Os versos e os poemas de Teço-me, livro de Arriete Vilela, flertam com aventuras épicas e figuras
mitológicas – construções oníricas em que o amor e o sexo, a alegria e a
solidão, o céu e o inferno são reinventados. Utilizando-se da palavra como uma máquina bélica empregada para derrubar muralhas e arrombar
portas, Arriete não poupa esforços para multiplicar o poder mágico do
discurso poético. Nada a detém. Quer transformar a matéria humana em enlevo. A
palavra me capacita para o que devo ser: / flor de cacto em ponta de
lança.
Ciente de que não é apenas o
empilhamento de versos que caracteriza a poesia, Arriete prossegue na direção
do êxtase. Sobrevivente da luta inglória que travou contra o exagero
sentimental – momento em que é possível perceber a impossibilidade de isolar os
surtos de emoção da objetividade proposta pela razão –, soube separar os fios da
linguagem e, ponto a ponto, com cuidado e atenção, teceu o poema. Gravadas na pele nua das páginas do livro, as
palavras exprimem contenção, clareza e criatividade. Avançam até o zênite e
descobrem que Enquanto tardas, / reteço-me, / e, nas brechas do bordado, / o
destino vai compondo os meus dias, / de modo ora gentil, / ora quase isso.

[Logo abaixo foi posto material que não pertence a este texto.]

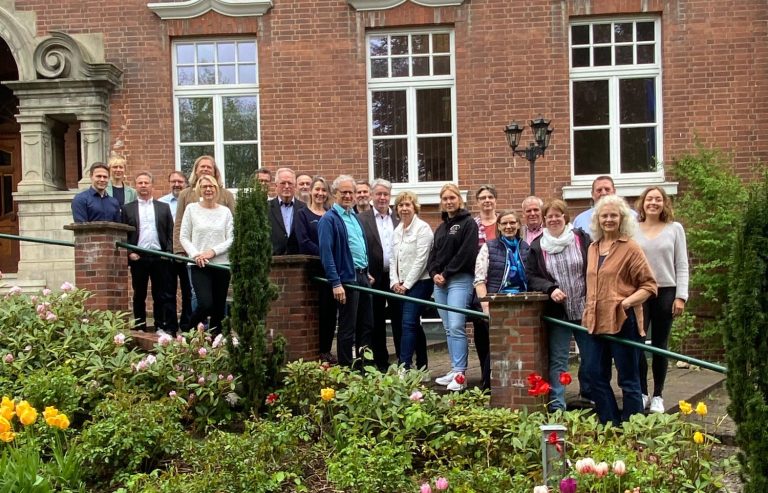Mitglieder der AktivRegion Gruppe von Menschen steht vor einem Gebäude mit Blumenbeeten im Vordergrund.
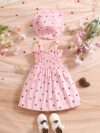 Girl wearing adorable Summer Bloom heart print dress and matching hat set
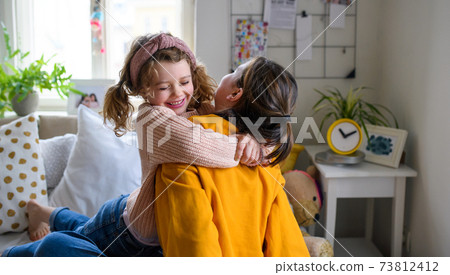 Sisters indoors at home, hugging. Lockdown concept. Sisters indoors at home, hugging. Lockdown concept. 73812412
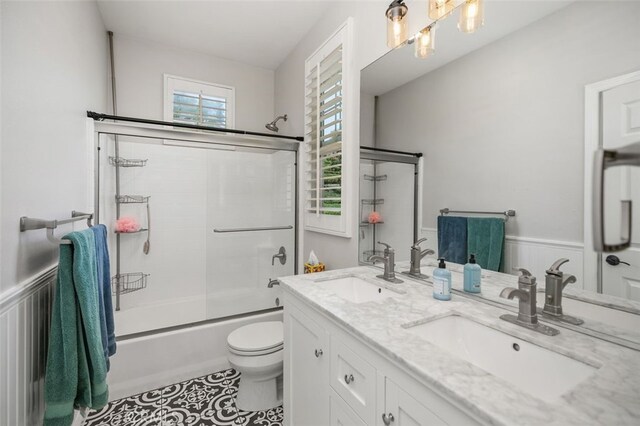 10 Cumberland Ln, Aliso Viejo, CA 92656 - bathroom featuring shower / bath combination with glass door, double vanity, a wainscoted wall, and tile patterned flooring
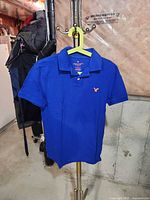Front view of blue polo shirt on hanger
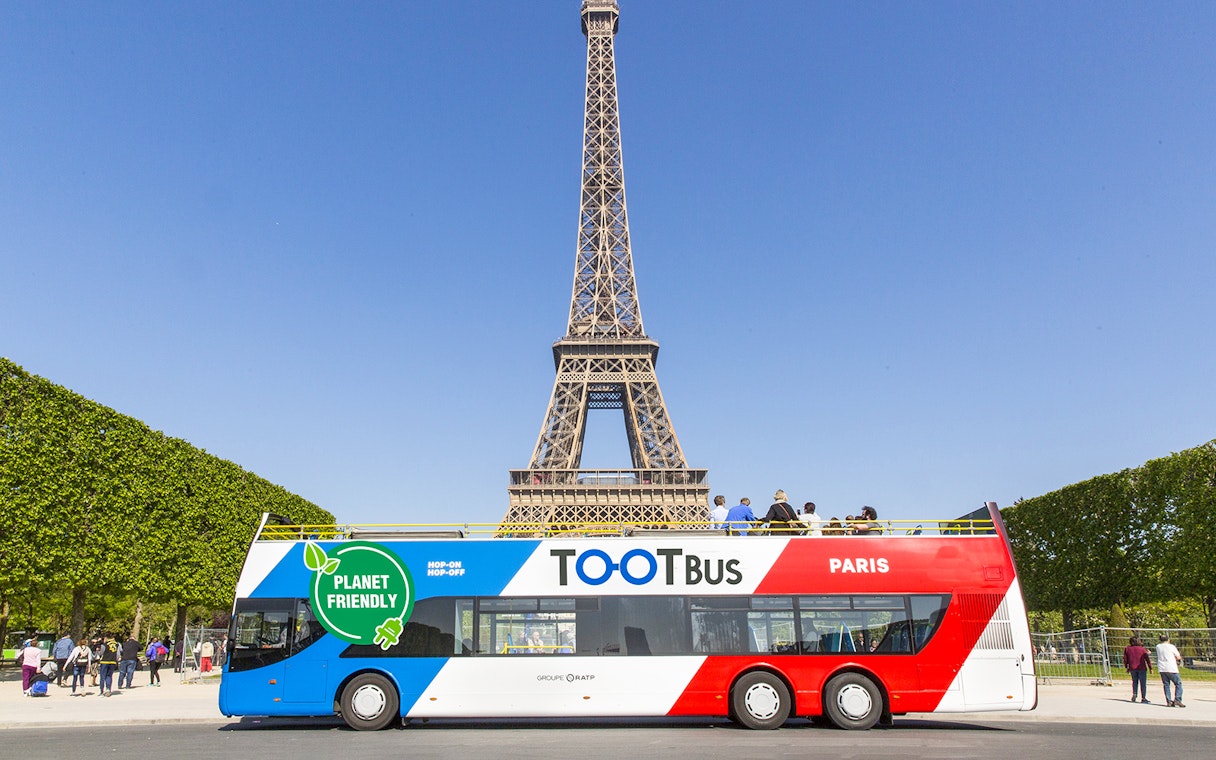 Hop-on hop-off bus near Eiffel Tower, Paris.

Quando não se escora no feitiço que
emana dos substantivos, verbos e adjetivos, o poema desafina, desaba, definha. Para
tentar impedir essa erosão, Arriete elabora uma estratégia (ou um ardil) que está aquém dos portões gradeados, / sem acesso aos pretextos / da ficção. O
poder de fabular (confabular) com as imagens que se perderam nas voragens
humanas se expande nas vertigens originárias da poética e tenta exprimir o relato da ausência de apenas um homem
solitário / banido de si mesmo ou de uma mulher que tudo faz para que Deus
fique sabendo de mim, / todo dia, / verso a verso.

Acho que a poesia estava entranhada / na minha pele, / sempre à tua disposição, declara Arriete, evocando o canto das sereias. Entre ser amarrado ao mastro do navio e o mergulho nas profundezas do mar, ao leitor (Ulisses a-pós-a-moderna-idade) não é fornecida a mínima possibilidade de fuga. O poema – grego, alagoano, brasileiro – é tessitura, teia, rede, tecido, colcha, concha, imensidão.